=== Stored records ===
━━━━

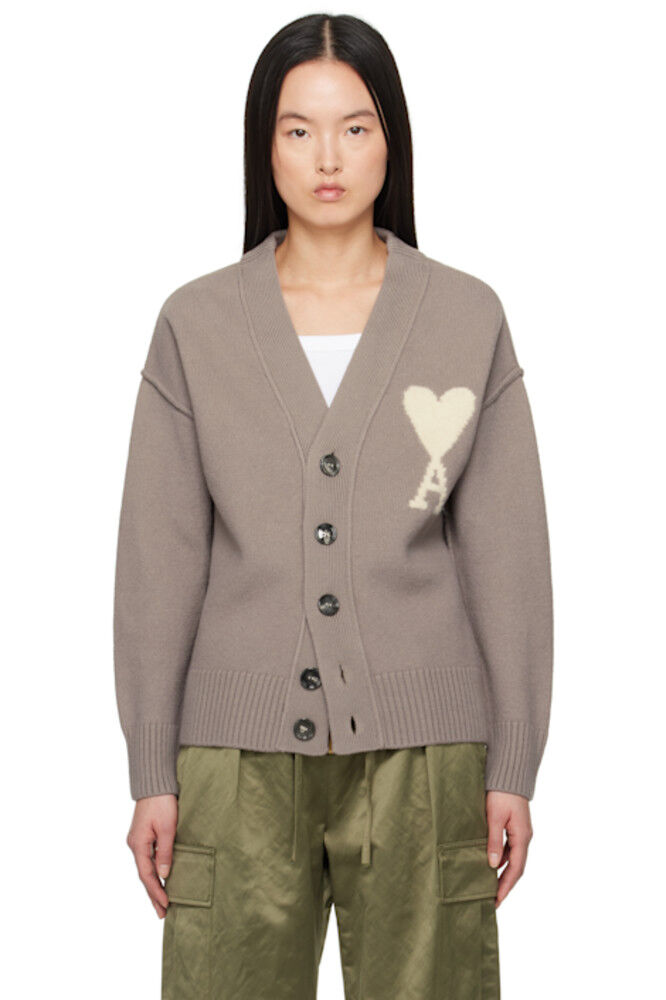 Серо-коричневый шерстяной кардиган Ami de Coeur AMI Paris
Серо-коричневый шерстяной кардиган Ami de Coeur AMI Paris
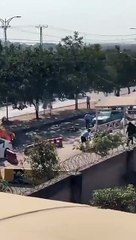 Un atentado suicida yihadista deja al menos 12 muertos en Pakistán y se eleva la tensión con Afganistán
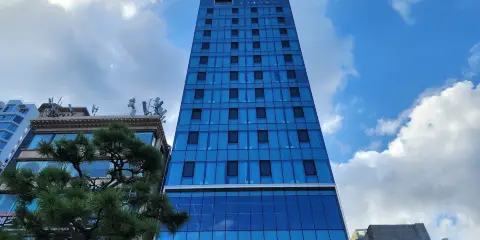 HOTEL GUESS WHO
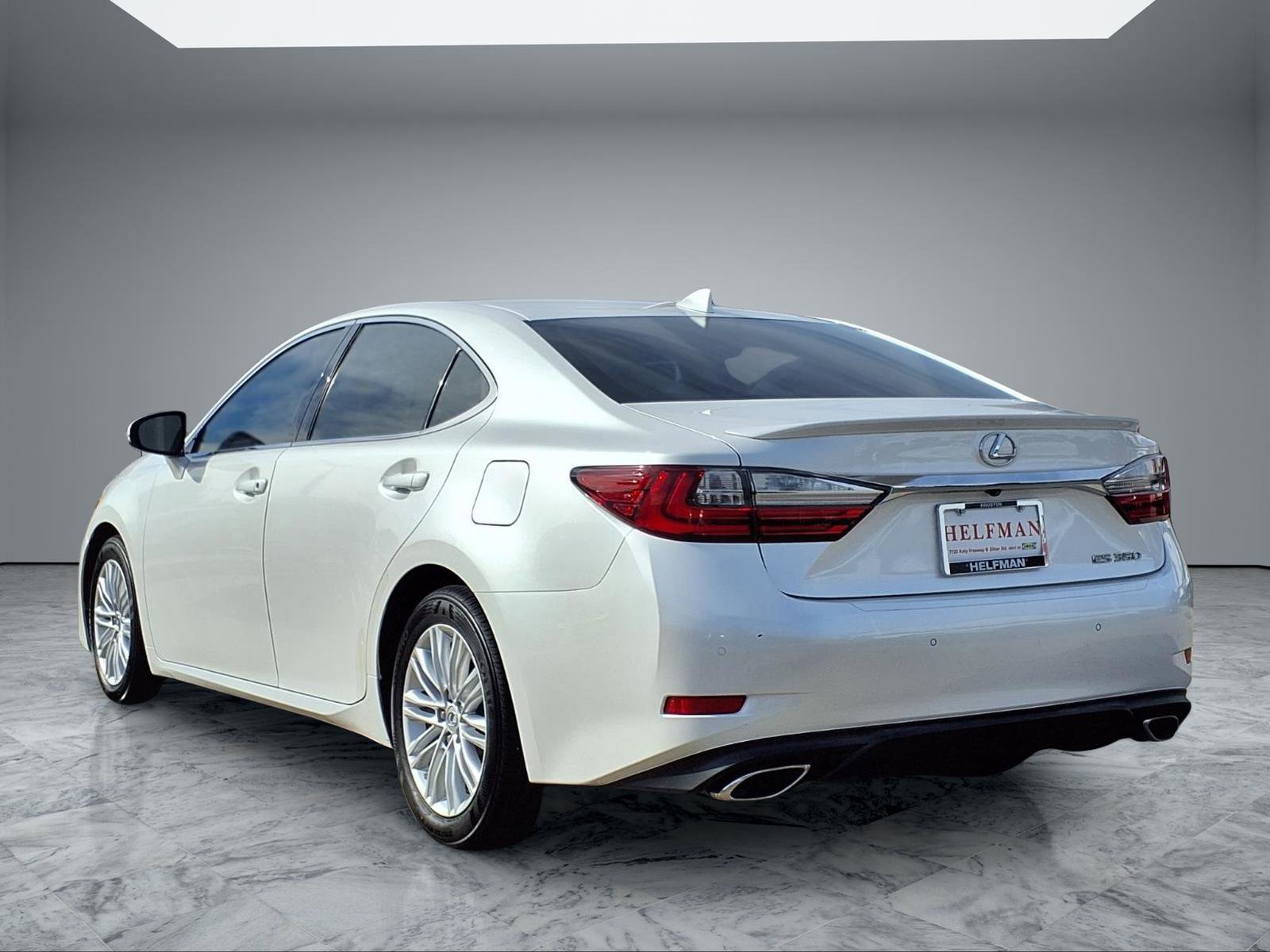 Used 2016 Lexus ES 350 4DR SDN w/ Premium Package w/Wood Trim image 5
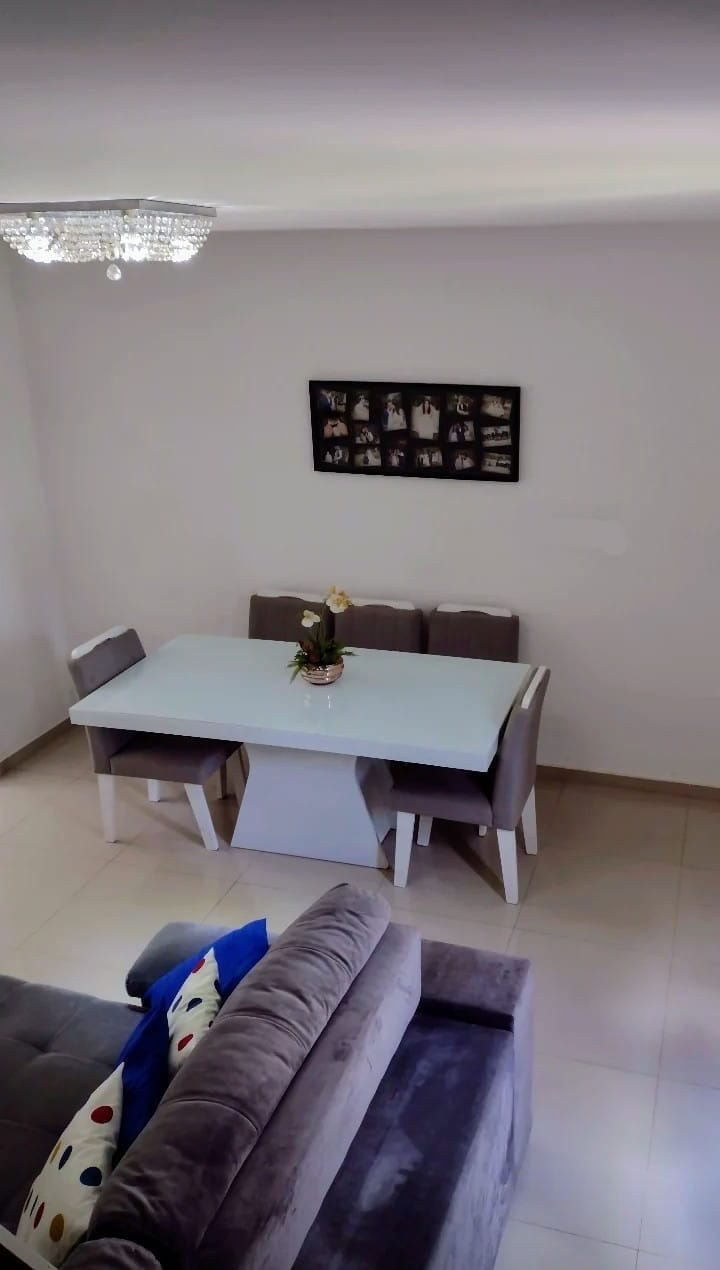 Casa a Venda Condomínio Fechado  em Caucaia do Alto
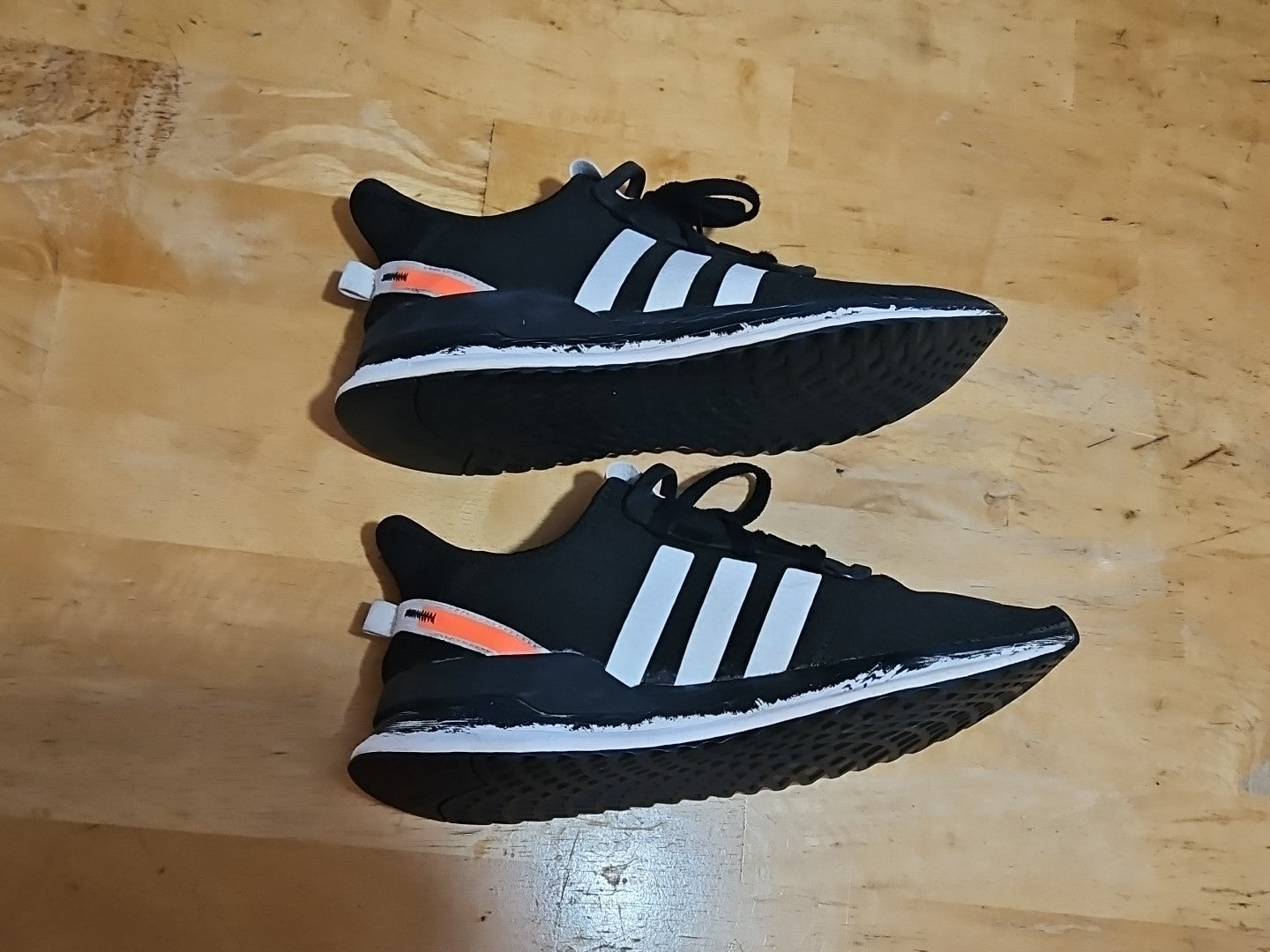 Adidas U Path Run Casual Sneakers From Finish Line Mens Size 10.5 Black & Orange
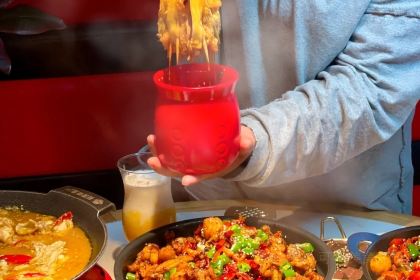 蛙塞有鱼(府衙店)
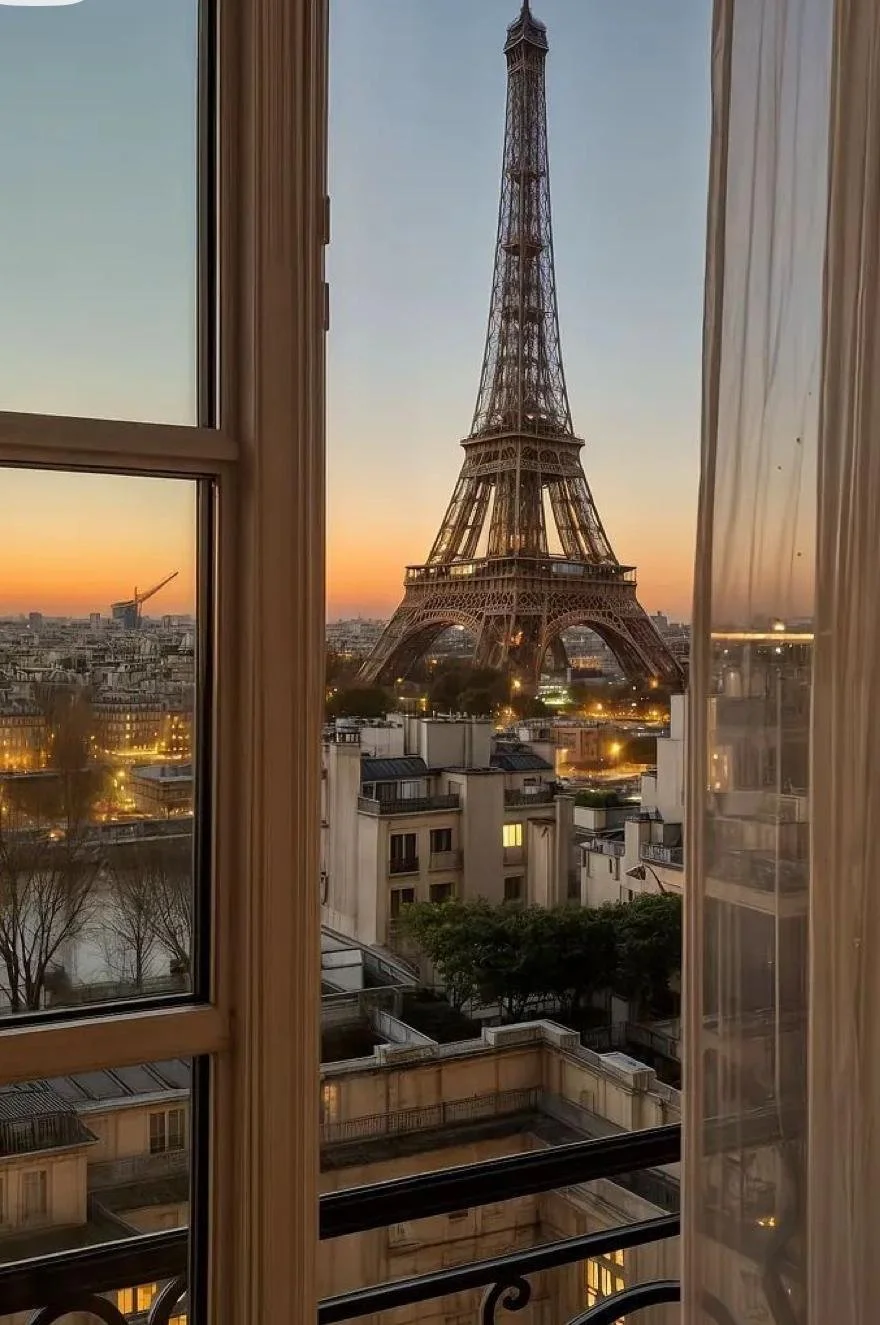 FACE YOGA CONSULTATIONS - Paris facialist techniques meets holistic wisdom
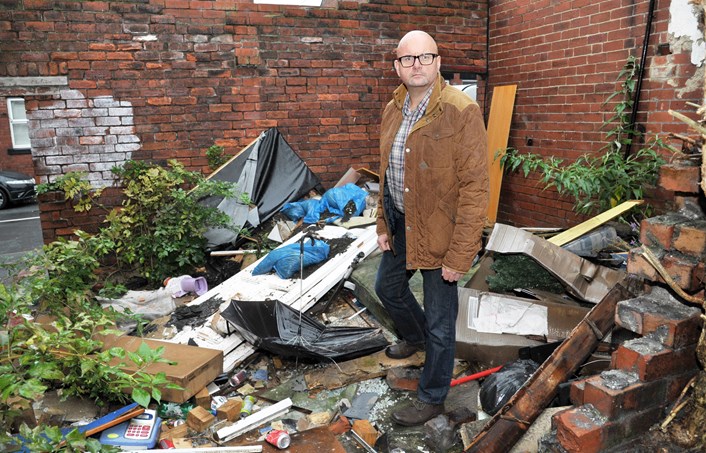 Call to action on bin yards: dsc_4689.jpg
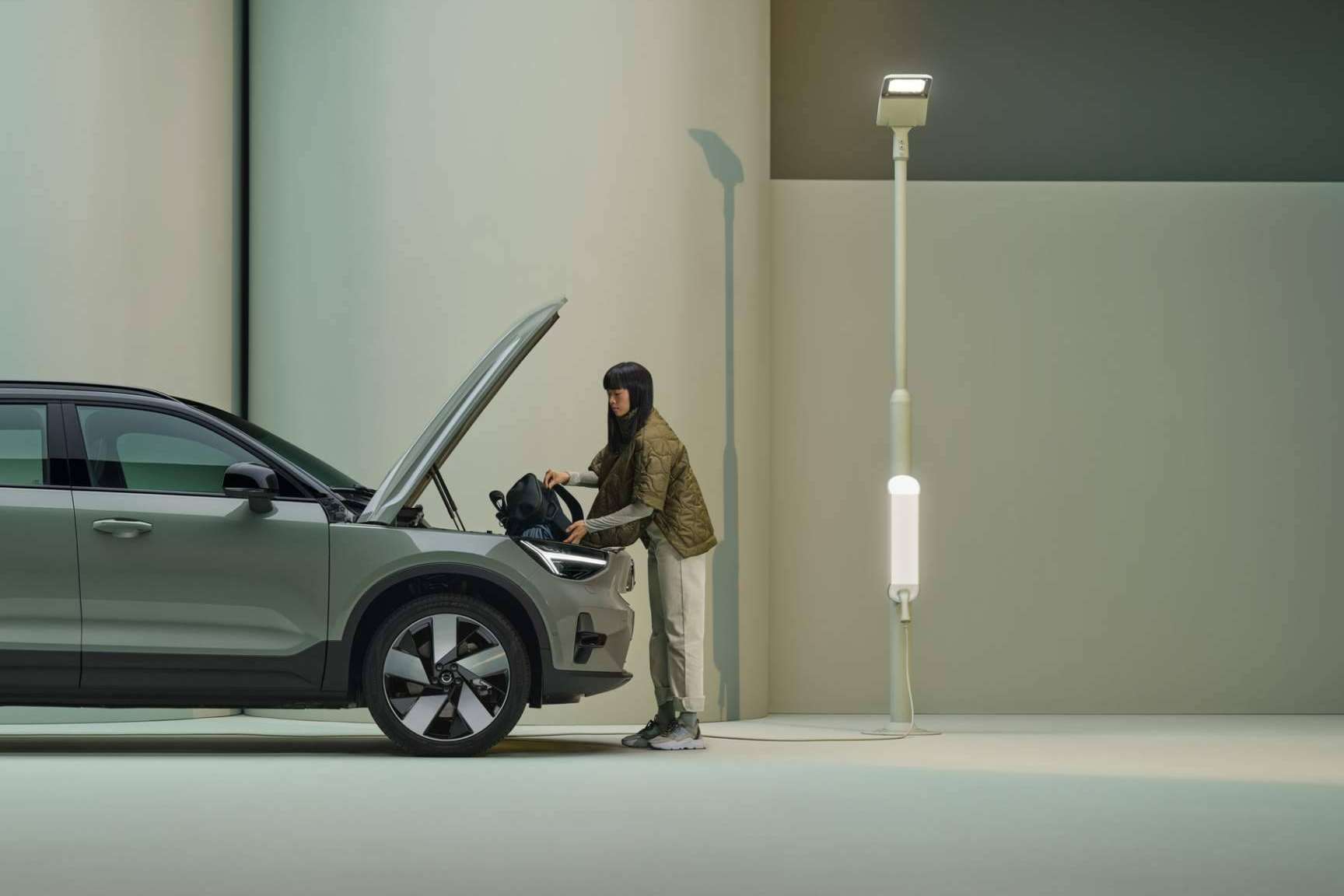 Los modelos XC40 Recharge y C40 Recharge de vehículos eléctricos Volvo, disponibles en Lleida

━━━━

Retype, exactly as written, each line from the one containing "Casa a Venda" through the end of the data above, and leave out every picture.

=== Exercise result ===
 Casa a Venda Condomínio Fechado  em Caucaia do Alto
 Adidas U Path Run Casual Sneakers From Finish Line Mens Size 10.5 Black & Orange
 蛙塞有鱼(府衙店)
 FACE YOGA CONSULTATIONS - Paris facialist techniques meets holistic wisdom
 Call to action on bin yards: dsc_4689.jpg
 Los modelos XC40 Recharge y C40 Recharge de vehículos eléctricos Volvo, disponibles en Lleida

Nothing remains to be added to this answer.